Further south, Mozambique is feeling the impact of its own sudden spark in hostilities following rebel group/opposition party Renamo calling off the ceasefire with government, leaving potential investors wary (that Financial Times piece is also a good introduction to Filipe Nyusi, the Frelimo man who will almost certainly become Mozambique’s president after the elections in October.) So far, the US, Portugal, the country’s Human Rights Commission, and civil society have called for an end to hostilities.
This is a good piece explaining the current Renamo-Frelimo deadlock.

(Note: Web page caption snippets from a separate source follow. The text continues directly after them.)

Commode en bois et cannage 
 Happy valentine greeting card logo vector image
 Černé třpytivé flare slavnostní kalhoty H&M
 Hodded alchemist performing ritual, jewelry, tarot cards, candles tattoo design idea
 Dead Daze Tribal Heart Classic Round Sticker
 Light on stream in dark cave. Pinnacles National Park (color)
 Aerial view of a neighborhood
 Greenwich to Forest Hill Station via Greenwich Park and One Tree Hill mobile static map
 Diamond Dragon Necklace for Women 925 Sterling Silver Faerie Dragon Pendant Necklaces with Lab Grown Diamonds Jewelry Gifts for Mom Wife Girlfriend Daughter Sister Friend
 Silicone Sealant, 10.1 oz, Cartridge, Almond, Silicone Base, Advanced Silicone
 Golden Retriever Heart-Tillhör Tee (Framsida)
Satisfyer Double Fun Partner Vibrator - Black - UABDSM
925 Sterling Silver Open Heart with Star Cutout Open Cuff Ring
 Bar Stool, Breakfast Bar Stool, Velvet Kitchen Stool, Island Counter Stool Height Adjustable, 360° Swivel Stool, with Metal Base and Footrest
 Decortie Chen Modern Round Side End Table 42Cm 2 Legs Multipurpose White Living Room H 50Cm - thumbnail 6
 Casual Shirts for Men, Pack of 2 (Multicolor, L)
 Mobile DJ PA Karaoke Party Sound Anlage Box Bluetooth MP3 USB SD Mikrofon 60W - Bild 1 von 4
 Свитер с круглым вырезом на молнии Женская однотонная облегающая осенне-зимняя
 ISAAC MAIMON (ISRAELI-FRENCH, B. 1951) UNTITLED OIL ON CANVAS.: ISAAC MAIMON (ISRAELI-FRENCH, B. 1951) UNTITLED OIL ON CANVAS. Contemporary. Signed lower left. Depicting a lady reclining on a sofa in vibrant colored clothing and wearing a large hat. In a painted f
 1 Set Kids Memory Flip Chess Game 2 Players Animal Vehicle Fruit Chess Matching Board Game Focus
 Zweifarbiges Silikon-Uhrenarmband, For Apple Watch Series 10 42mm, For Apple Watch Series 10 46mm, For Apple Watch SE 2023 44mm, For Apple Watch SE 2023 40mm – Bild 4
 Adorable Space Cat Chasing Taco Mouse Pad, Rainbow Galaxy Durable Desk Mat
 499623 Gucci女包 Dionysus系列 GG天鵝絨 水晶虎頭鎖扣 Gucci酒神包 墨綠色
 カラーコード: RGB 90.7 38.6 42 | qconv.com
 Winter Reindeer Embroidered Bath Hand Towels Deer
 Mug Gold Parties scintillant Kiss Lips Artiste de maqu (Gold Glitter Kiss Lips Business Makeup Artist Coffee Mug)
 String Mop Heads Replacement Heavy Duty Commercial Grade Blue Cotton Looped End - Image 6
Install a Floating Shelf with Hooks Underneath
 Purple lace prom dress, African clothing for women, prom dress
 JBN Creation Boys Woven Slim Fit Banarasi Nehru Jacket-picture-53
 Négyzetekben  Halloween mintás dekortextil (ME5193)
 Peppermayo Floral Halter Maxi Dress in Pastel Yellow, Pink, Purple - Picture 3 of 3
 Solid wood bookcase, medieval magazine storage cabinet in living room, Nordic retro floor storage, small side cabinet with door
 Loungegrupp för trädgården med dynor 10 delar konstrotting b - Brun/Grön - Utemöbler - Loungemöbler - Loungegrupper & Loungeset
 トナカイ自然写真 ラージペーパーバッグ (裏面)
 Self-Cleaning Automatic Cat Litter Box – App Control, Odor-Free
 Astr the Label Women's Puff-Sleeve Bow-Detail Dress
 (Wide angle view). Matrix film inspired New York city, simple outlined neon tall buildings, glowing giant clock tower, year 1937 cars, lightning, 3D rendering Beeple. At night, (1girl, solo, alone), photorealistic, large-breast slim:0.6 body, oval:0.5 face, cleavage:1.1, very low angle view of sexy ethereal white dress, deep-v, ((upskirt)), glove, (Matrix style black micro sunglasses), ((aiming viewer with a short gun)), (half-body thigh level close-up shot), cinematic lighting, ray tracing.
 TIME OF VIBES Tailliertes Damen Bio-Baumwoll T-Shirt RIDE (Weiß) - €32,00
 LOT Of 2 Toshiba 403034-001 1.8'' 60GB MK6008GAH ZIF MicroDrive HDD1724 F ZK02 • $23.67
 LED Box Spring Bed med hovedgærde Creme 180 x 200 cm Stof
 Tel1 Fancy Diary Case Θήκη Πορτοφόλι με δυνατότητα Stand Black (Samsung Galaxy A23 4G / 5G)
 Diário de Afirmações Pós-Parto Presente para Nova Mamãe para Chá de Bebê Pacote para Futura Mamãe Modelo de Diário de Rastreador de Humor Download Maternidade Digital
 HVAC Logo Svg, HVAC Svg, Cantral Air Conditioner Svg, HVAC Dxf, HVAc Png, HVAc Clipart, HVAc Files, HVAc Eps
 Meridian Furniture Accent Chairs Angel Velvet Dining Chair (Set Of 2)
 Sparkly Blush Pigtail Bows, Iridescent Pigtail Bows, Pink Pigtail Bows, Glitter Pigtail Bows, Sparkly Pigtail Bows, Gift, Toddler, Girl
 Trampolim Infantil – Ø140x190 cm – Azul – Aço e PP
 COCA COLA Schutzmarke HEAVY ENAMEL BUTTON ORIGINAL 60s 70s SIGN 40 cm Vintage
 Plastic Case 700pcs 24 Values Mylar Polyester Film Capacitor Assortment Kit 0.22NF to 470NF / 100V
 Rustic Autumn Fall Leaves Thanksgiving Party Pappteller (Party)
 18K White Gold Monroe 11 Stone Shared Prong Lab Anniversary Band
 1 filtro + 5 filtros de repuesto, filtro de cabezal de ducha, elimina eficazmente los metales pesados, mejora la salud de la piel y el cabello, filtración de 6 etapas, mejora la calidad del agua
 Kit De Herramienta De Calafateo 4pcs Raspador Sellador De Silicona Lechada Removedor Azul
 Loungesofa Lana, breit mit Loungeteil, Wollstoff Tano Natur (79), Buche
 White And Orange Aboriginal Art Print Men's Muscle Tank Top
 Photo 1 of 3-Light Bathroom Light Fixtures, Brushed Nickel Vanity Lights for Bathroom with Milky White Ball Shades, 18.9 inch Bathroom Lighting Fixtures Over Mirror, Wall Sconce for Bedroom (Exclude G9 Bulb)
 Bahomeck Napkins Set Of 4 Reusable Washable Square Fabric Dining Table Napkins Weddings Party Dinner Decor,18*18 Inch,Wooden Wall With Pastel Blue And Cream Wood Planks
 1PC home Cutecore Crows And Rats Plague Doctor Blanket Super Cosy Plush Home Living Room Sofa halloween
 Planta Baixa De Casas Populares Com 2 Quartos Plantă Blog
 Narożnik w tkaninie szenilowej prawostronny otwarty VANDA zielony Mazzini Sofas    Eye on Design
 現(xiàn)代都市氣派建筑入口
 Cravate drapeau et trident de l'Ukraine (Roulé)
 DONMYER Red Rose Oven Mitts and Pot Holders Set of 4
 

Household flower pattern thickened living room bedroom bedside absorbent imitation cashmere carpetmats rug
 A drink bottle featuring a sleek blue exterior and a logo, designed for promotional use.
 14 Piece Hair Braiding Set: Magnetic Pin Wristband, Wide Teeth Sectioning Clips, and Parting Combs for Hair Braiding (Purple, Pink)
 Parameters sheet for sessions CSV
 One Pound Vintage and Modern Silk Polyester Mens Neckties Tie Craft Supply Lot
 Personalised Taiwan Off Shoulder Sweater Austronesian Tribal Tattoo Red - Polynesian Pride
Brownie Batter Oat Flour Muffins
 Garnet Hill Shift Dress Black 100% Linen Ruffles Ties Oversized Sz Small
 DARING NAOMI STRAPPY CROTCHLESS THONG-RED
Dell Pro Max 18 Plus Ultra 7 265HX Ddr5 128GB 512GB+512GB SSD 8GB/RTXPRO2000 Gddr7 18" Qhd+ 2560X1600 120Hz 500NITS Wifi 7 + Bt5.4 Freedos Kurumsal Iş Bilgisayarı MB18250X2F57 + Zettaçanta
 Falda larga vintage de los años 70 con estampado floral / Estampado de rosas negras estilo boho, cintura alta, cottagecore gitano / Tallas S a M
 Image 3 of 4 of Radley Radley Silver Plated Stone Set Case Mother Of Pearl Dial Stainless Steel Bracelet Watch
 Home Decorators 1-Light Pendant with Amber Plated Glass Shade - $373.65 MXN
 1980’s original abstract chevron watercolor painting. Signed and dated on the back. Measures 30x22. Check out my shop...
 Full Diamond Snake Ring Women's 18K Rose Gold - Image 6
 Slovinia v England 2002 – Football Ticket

Two would-be beauty queens were kicked out of the Miss Zimbabwe pageant last week for violating the contest rules. Their crime? The two 21-year-olds acted like two 21-year-olds and sneaked out of what I’m going to call Survivor: Beauty Camp!!! on a Saturday night.
“We are grooming a queen who is going to represent the country at higher and more important platforms so we want someone who is responsible,” explained Miss Zimbabwe Trust Secretary Terry Bharu. They’re just the latest Evictees. Three other girls were booted out the week before for “not meeting the requirements”.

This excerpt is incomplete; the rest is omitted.